Vodafone UK chief executive Jeroen Hoencamp on Monday said offering eye-catching content to mobile customers is more important than the technology being used to deliver it, as he defended the operator's 4G rollout.
"Wherever we build 4G, we've proved that we can deliver great unbeatable speeds and coverage, but it's not a race to have the highest speeds because when it comes to mobile, speed only gets you so far," he said on Vodafone's blog.
Pitching 4G to consumers is more about showing them what they can do on the network, Hoencamp insisted.
"Customers don't buy 4G for the latest technology – they switch to Vodafone 4G because there's particular content they want to access," he said.
To entice prospective customers, Vodafone has partnered with Sky and Spotify to offer access to mobile music and video streaming services.
"When we showed people Sky Sports or Spotify, for instance, they loved it. 4G is the enabler: content is the real driver of what people do and care about," Hoencamp argued.
The comments come as Vodafone races to catch up with EE, which has established a commanding lead in terms of 4G customer base and network coverage.
Vodafone UK, as well as rival O2, launched their 4G networks in late August 2013, a full 10 months after EE, which was given a head start after regulator Ofcom granted it permission to refarm its 1800-MHz spectrum for 4G in 2012.
Last week, EE revealed that it reached 7.7 million 4G subscribers at the end of 2014. Meanwhile, its network currently covers 80% of the population and is on course to cover 98% by the end of this year.
By comparison, Vodafone's 4G base topped 1 million by the end of June 2014, and Hoencamp revealed on Monday that network coverage currently stands at about 50% of the population.
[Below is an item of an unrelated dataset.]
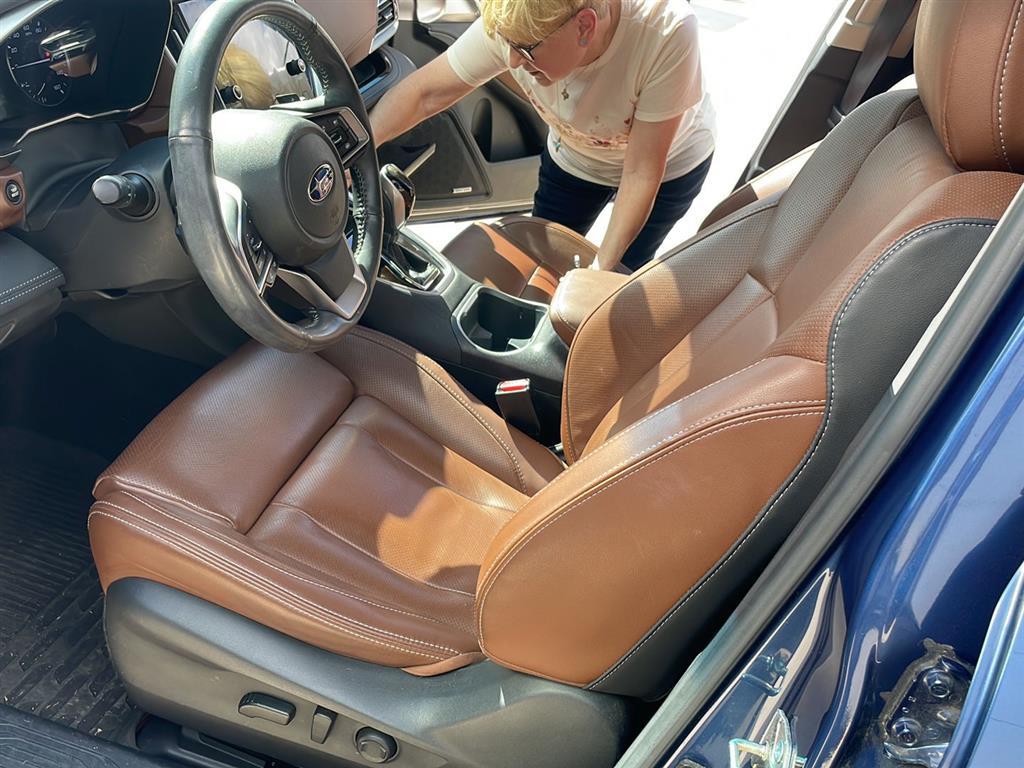 2020 Subaru Outback Touring XT photo 2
He did not provide an updated subscriber figure.
"It's not about who's got the most coverage…It's more about having the strongest signal," he claimed.
"We'd love to expand the network faster, but it's about doing it right first time; I'd rather do it at the pace we're doing and get it right, than try to go faster and build a thin and flimsy network," he continued. "We only turn 4G on when we have built or updated enough sites."